The FTSE250 Index is a weighted index of the 101st to 350th largest stocks on the London Stock Exchange that covers companies between the large cap FTSE100 and smaller capitalisation companies. Established in 1992 at a base point of 2,403 the FTSE250 has a current total market capitalisation of around GBP300bn, and the highest value it had was 24,250 points, at the beginning of September 2021.

In its history, the FTSE250 has had eight negative years since 1992 and has tracked the wider performance of the economy. However, in the years following the index’s fallbacks, the FTSE250 has roared back strongly. After the disruptions of Coronavirus in 2020, the index fell on a Total Return basis by -4.6%, but the following year put on 16.9%. Following the Global Financial Crisis of 2008, the FTSE250 was down -40.3%. The following year the index returned 46.3%. Going back to the fall-out of the Millenium dot-com boom, the FTSE250 was down -27.3% in 2002. In 2003 the index returned 34.4%.

FTSE250 Chart

The FTSE250 is a more growth-orientated index than its peer the FTSE100 and is a better reflection of the health of the UK economy than the large-cap index, given the Footsie is dominated by multinational corporations. Historically, the FTSE250 does well when interest rates start to come down, and given that 2023 was probably the peak of interest rates with the City expecting as many as 0.25% cuts, taking the Bank of England’s base rate from 5.25% to about 3.75% by the end of this year, if the FTSE250 follows what it has done in the past, it is set for a good year.

FTSE250 has a domestic focus

The rationale for this is that the constituents of the FTSE250 – being more domestically-focussed and having less choice to borrow internationally than the multinationals – are more sensitive to UK interest rates than their larger brethren, and in more need of debt to fund growth than larger cap corporations.

Historically FTSE250 companies borrow-more as interest rates fall and then invest that money into growing their businesses, increasing revenues and profits. Moreover, the FTSE250 has a notable exposure to interest-rate sensitive sectors like housebuilders and real estate companies and the general economic pessimism has seen executives stay their hands over the M&A button until the general climate looks a bit sunnier – M&A is an area that mid-caps have traditionally used to grow market share.

Goldman Sachs concurs that 2024 could be a good year for the FTSE250 – notwithstanding macro shocks like a significant uptick in the conflict in the Middle East and election-led instability in the UK and US – and sees the FTSE250 as an attractive investment destination in the medium-term. Consensus forecasts a 7% sales growth and a 15% EPS growth in 2025 for the FTSE 250, compared to 1% and 7% for the FTSE 100.

The index looks historically cheap

The UK market is at the present time historically cheap – a hangover of the Brexit Blues – but eight years on from the referendum vote, eventually most of the wreckage has been cleared out of the way. The FTSE100, as reported, is seen as a reflection of a bygone age, dominated by ‘old economy’ stocks like mining companies, banks and insurance companies, which the trendy new global money isn’t attracted to. However, the FTSE250 is a much broader index, and at current prices is a great value option and offers a plethora of undervalued, unloved, but solid companies with great prospects.

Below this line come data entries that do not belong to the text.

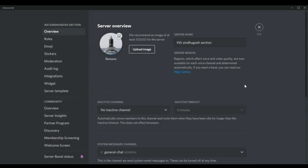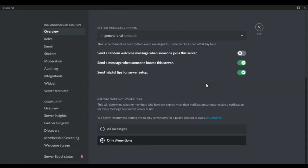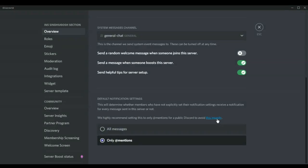Scroll down in the overview. There is something called 'We highly recommend setting this to only mentions for a public' or whatever. Click on 'this insanity'. Now this will lead you to Chrome. Let me just show my Chrome really quickly.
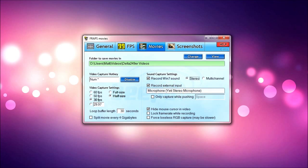So whatever's plugged in and whatever's the default will be selected there. You can't really select it, you just have to select it through your sound setting. And only capture while pushing, I don't have selected because I like to talk freely, not just have to press space or whatever.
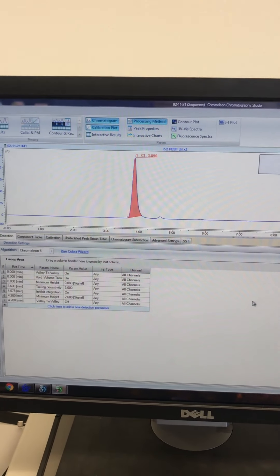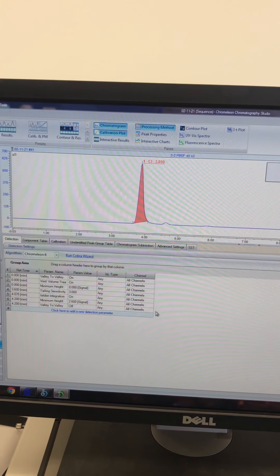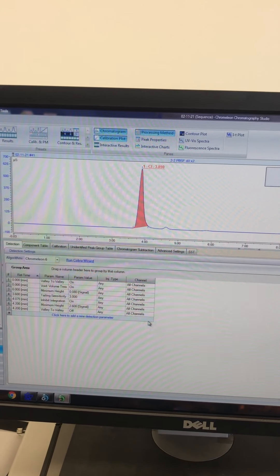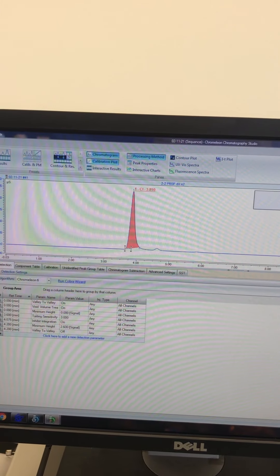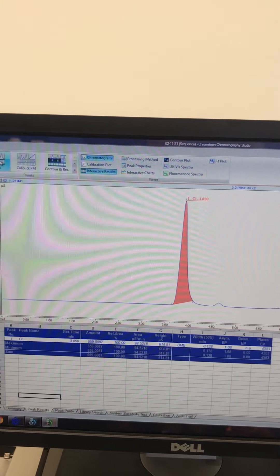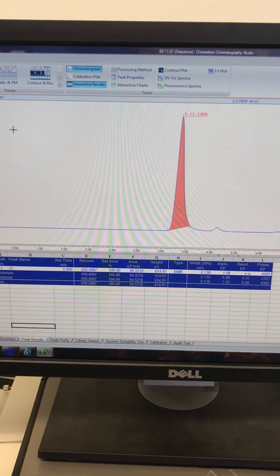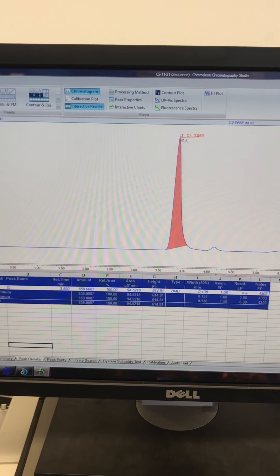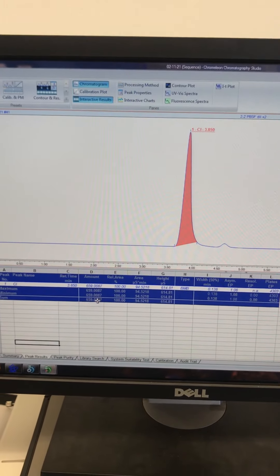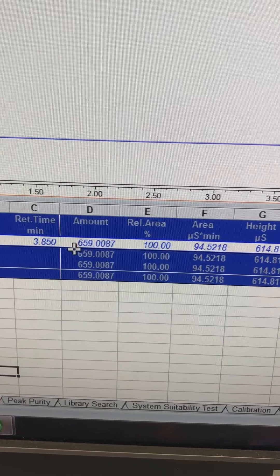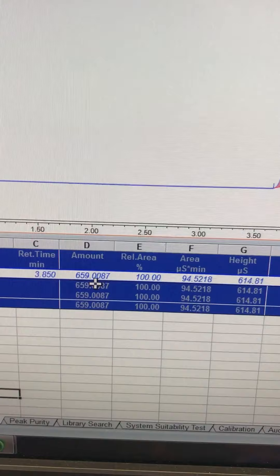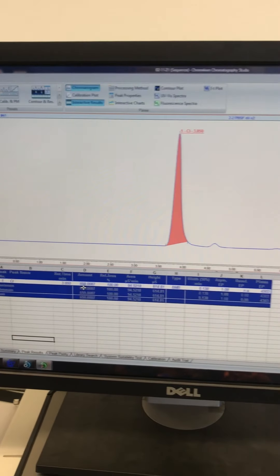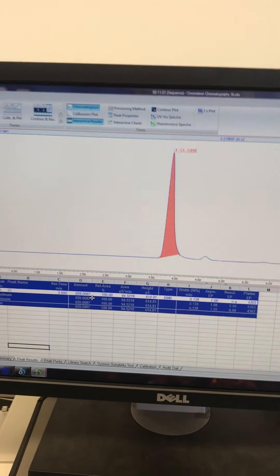This is what a result looks like. It uses these series of procedures, which I'm able to change and specify as needed, to calculate the area underneath this curve. The result is this nice table here that tells us the chloride concentration in our water sample. Our sample from Pheasant Branch Creek had 659.01 milligrams per liter of chloride. That's really high, but it's not unexpected for that creek.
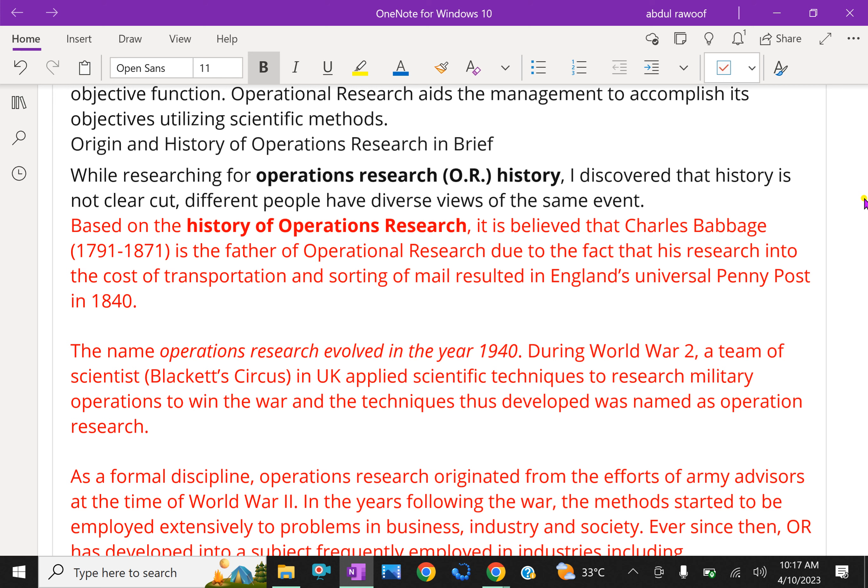The name operations research evolved in the year 1940. During World War II, a team of scientists (Blackett's Circus) in UK applied scientific techniques to reach military operations to win the war, and the techniques thus developed was named as Operation Research. Operation Research is a war baby. It is because the first problem attempted to solve in a systematic way was concerned with how to set the time fuse bomb to be dropped from an aircraft on a submarine.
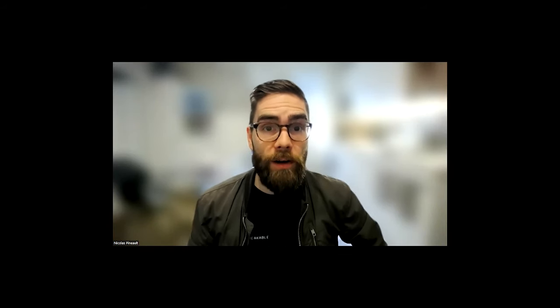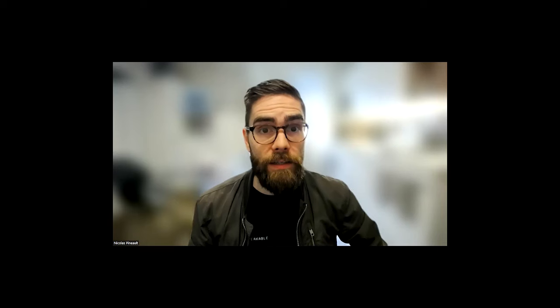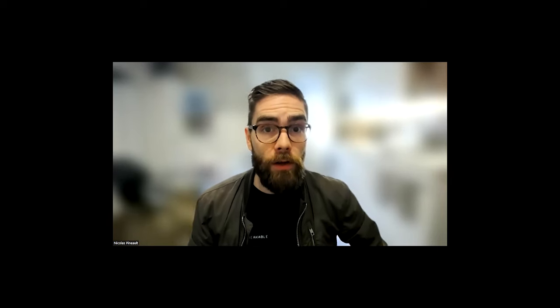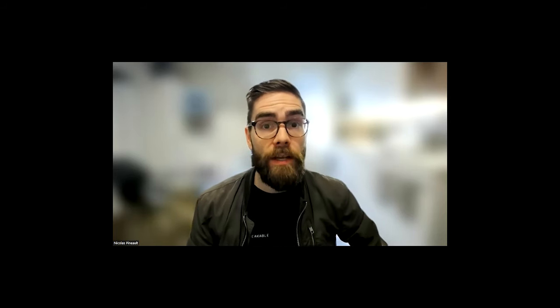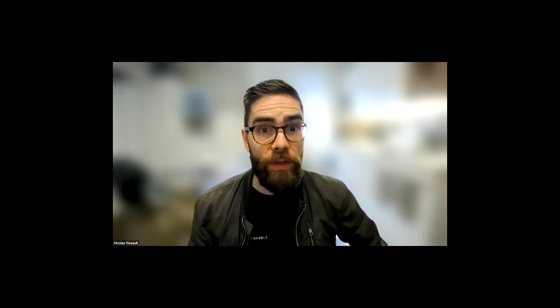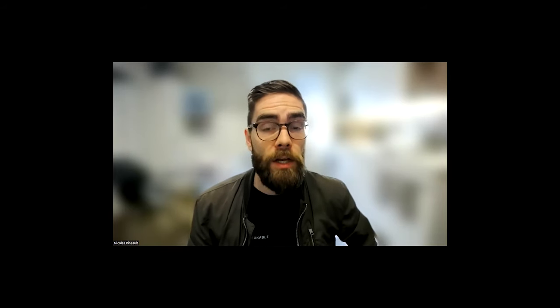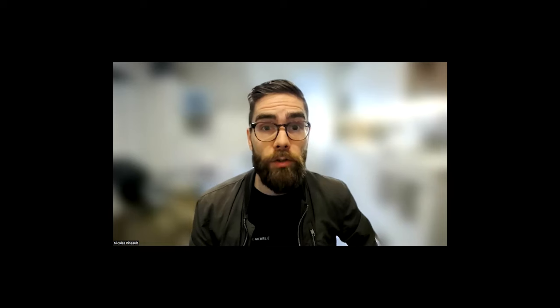This is Nick, the EMF guy. I am the co-creator of the EMF Circle along with my colleague Brian Hoyer from Shielded Healing. What you saw today is a short preview of a longer interview we did for our circle members. Every month we have a masterclass or a Q&A session with me and Brian, so you get personal support and attention on your EMF reduction journey.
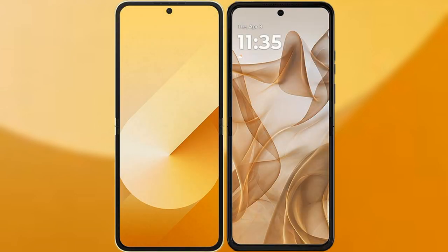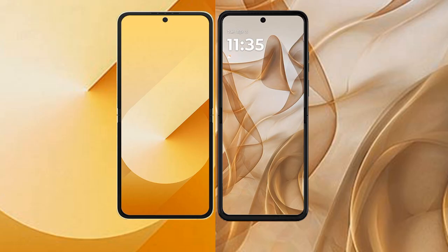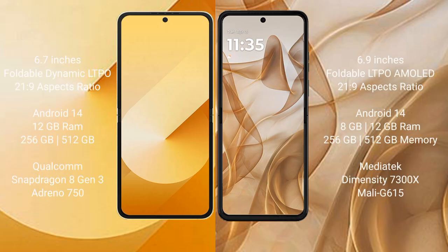I will compare the new Samsung Galaxy Z Flip 6 with the Motorola Razr 50. The Samsung Galaxy Z Flip 6 comes with a 6.7-inch foldable dynamic LTPO AMOLED display with an aspect ratio of 21:9. The Motorola Razr 50 features a 6.9-inch foldable LTPO AMOLED display, also with an aspect ratio of 21:9.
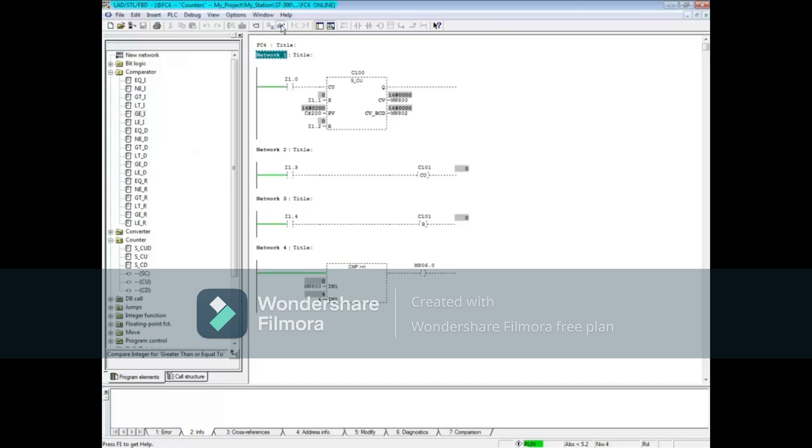As the CU input, in this example I1.0, transitions from 0 to 1, the counter begins to count up, and the C100 bit goes true.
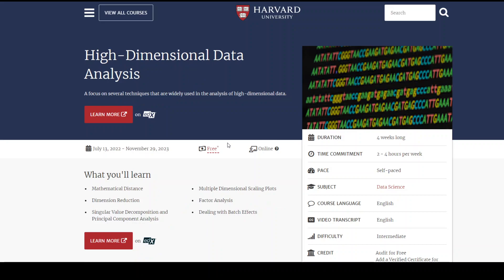The third course is about high dimensional data analysis. This course delves deeply into dimension reduction, mathematical distances, dealing with batch effects, factor analysis — everything involved in high dimensional data analysis, which is crucial when dealing with large data sets and how artificial intelligence models evaluate and learn from data sets.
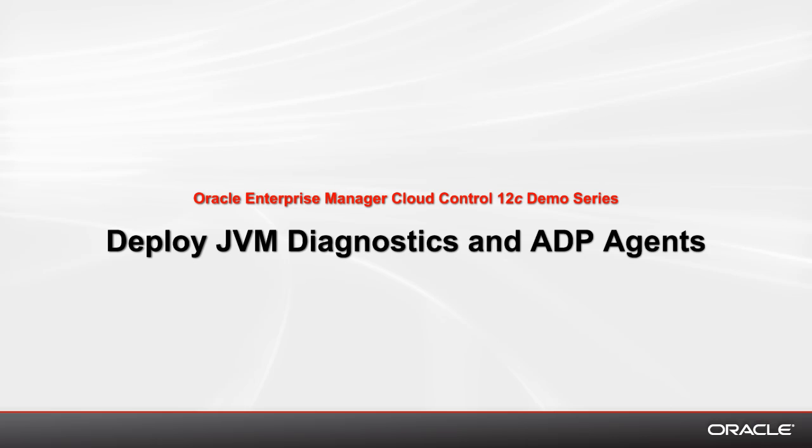Welcome to the Oracle Enterprise Manager Cloud Control 12C demo series. In this demonstration, I'll show you how to deploy the JVM Diagnostics and the ADP agents in Enterprise Manager Cloud Control 12C.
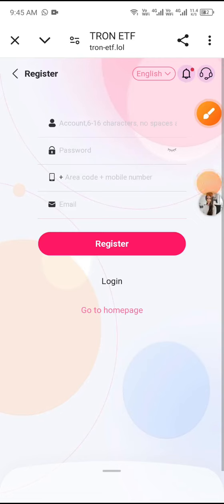Hello guys, welcome to my channel Crypto Circle. In this video, I will share a new TRX mining website. This is the Ledger TRX mining website.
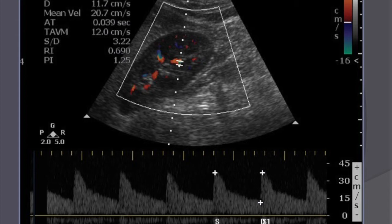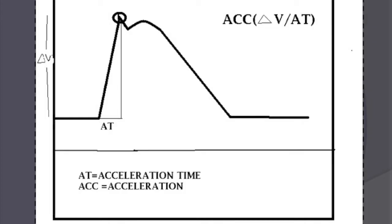When taking a good intraparenchymal spectrum, the measurements to record are peak systolic velocity (PSV), end diastolic velocity (EDV), resistive index (RI), and acceleration time. Acceleration time is automatically calculated with the auto-tracing function, but remember: it is measured from the start of systole as the spectrum begins rising up to its first peak — the early systolic peak (ESP) — and not to the second peak.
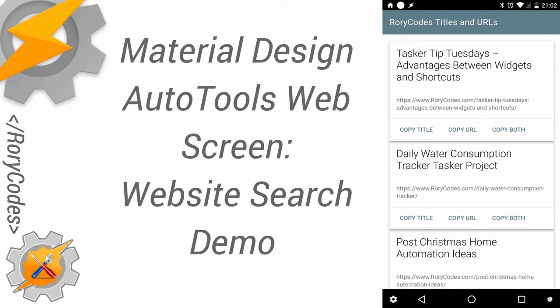Hey everybody, this is Rory from RoryCodes.com, again with another video using AutoTools Web Screens with Material Design Lite. This time it's a website search demonstration.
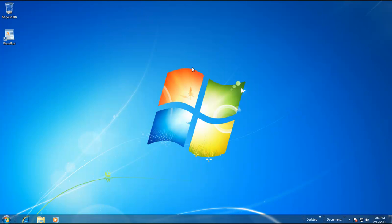In our next video, we will customize the look and feel of our Windows 7 desktop. We will talk about themes, screensavers, wallpapers, color schemes, and much more. Till then, my name is Rajiv Kohli — do subscribe to our channel for our coming videos on Windows 7.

You can access the FTSE250 by buying individual stocks, but that has its risks. Alternatively, you can gain exposure to the index through a cheap tracker or Exchange Traded Fund which will track the performance of the index at a relatively low cost with the added benefit of paying dividends. This means that investors will enjoy the effects of compounding over the longer term. For short term exposure to the FTSE 250, traders can use Contracts for Difference or CFDs to track the index. CFDs provide an opportunity for traders to make trades on a rising or falling index. UK investors may prefer to trade with a spread betting provider where any gains are tax free.

Being smaller and less internationally diversified than the Footsie stalwarts makes this index more risky, but the companies that you are dealing with aren’t Mom and Pop popup stores, they are significant entities with an average market cap of around GBP5bn, where you can find rapidly growing companies that have already traversed the riskiest parts of their expansions. This looks an opportunity too good to miss.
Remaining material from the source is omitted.